True blood
|d’Alan Ball, depuis 2008, ***
Sookie est blonde, jolie, serveuse, a une vingtaine d’années et, de l’avis général, est au mieux bizarre, au pire débile. Il faut dire qu’elle évite de trop réfléchir et de faire attention aux gens, parce qu’elle a l’encombrant don d’entendre ce que pensent les autres. Elle rencontre Bill, vampire décidé à se mêler pacifiquement aux humains, et découvre que ses pensées lui sont inaudibles : enfin quelqu’un avec qui flirter sans entendre un gros « bon sang faut que je la saute » quand il demande poliment si le film lui a plu. Elle en tombe donc amoureuse, sans prêter attention ni aux mauvaises langues qui disent que les vampires sont des êtres maléfiques, ni à l’énervement de son patron amoureux transi, ni aux conseils de sa meilleure amie, ni aux statistiques locales qui voient assassiner trois jeunes femmes en quelques semaines juste après l’installation de Bill.
Sur le fond, la série est un peu paradoxale, avec d’un côté quelques resucées amusantes de problèmes endémiques du sud des États-Unis — l’action se passe en Louisiane — comme le racisme ou l’existence de groupes de nuisances autonomes, mais de l’autre une niaiserie lourdingue régulièrement répétée de « je t’aime mon amûr sur la plage à mourir » entre la blondinette et son brun ténébreux. La reprise régulière de thèmes récurrents du fantastique a un côté syncrétisme assez amusant, aussi, même si les éléments au-delà de la télépathe et des vampires sont trop souvent amenés sans ménagement.
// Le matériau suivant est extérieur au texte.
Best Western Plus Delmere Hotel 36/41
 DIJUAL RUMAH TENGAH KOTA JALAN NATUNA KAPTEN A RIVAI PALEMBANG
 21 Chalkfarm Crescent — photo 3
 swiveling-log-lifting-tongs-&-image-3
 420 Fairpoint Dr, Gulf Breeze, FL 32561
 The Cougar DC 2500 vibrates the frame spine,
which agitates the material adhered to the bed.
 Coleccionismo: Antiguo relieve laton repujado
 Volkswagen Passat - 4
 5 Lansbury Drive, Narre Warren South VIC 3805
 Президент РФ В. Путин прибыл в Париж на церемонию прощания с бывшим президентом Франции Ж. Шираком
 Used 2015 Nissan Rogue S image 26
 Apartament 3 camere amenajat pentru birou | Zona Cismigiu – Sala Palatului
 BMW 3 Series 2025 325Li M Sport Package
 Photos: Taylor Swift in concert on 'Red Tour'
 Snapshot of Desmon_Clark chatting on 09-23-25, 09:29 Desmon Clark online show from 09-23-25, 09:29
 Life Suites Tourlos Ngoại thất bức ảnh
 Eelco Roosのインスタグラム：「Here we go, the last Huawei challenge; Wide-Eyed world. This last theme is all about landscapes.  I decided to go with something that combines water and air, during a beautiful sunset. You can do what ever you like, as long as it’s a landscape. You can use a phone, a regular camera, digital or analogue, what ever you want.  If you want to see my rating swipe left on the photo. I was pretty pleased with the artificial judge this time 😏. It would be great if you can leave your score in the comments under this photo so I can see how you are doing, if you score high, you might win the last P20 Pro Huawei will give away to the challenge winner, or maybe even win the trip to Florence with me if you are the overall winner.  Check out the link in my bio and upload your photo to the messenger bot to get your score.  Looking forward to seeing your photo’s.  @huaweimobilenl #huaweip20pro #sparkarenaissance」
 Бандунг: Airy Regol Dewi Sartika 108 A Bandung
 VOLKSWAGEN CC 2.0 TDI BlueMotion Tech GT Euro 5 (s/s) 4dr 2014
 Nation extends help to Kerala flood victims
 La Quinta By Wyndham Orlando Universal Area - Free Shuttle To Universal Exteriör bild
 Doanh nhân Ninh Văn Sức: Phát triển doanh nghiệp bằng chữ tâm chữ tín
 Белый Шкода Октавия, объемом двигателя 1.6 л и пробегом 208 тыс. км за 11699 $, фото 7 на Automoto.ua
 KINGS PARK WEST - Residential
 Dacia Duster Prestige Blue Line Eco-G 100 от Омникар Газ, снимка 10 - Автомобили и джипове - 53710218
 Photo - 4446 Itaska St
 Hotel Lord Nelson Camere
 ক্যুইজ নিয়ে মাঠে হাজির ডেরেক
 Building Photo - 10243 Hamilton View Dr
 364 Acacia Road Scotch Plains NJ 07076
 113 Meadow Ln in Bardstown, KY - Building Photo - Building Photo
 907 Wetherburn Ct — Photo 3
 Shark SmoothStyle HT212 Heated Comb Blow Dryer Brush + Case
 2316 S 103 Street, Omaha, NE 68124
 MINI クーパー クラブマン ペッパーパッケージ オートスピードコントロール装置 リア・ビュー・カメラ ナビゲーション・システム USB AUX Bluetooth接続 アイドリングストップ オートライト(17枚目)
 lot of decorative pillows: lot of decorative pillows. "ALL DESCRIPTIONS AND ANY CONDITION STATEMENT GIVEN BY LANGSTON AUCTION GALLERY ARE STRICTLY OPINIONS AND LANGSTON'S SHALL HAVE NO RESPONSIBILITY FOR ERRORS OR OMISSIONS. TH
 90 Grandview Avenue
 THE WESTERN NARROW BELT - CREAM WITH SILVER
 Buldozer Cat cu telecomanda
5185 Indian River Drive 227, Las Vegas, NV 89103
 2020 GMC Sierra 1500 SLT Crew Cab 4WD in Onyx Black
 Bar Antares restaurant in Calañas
Sur la forme, c’est globalement assez pauvre, avec un schéma beaucoup trop systématique de résolution partielle de la question de chaque épisode juste avant un bon gros « cliffhanger » comme les scénaristes américains en ont le secret. Une fois le truc assimilé, soit après le troisième épisode si vous êtes un peu lent d’esprit, vous sentez venir la fin de l’épisode deux minutes avant qu’elle se produise et, la moitié du temps, pouvez même prédire quel sera le retournement laissé en suspens dans le dernier plan.
Ajoutons à cela des acteurs globalement assez moyens — qui ont toutefois le bon goût de s’améliorer au fil des épisodes, en particulier Anna Paquin qui est franchement à côté de ses pompes dans les deux-trois premiers et devient fort correcte sur les derniers — et une quantité de clichés à faire pâlir les archives de Sygma (la black grande gueule qui fait fuir tout le monde, le black homo trop gentil mais un peu dealer quand même, le bellâtre blondinet qui court après sa queue, la grand-mère trop gentille qui adore tout le monde, le flic trop con pour vivre, même le meilleur ami qui est l’assassin en fait [spoiler, sélectionnez pour lire et ne sélectionnez pas si vous n’aimez pas les spoilers]), et vous obtenez un truc finalement assez bateau, de la série américaine typique de la tendance post-Dexter, qui essaie de surfer sur la vague des séries trash et glauques mais reste finalement trop sage pour vraiment sortir du lot.
Soyons pas méchants : ça se laisse regarder sans déplaisir. Mais c’est très loin d’autres œuvres du même créateur — Alan Ball fut par exemple le scénariste de l’immortel American beauty, et est à l’origine de l’excellemment construit Six pieds sous terre.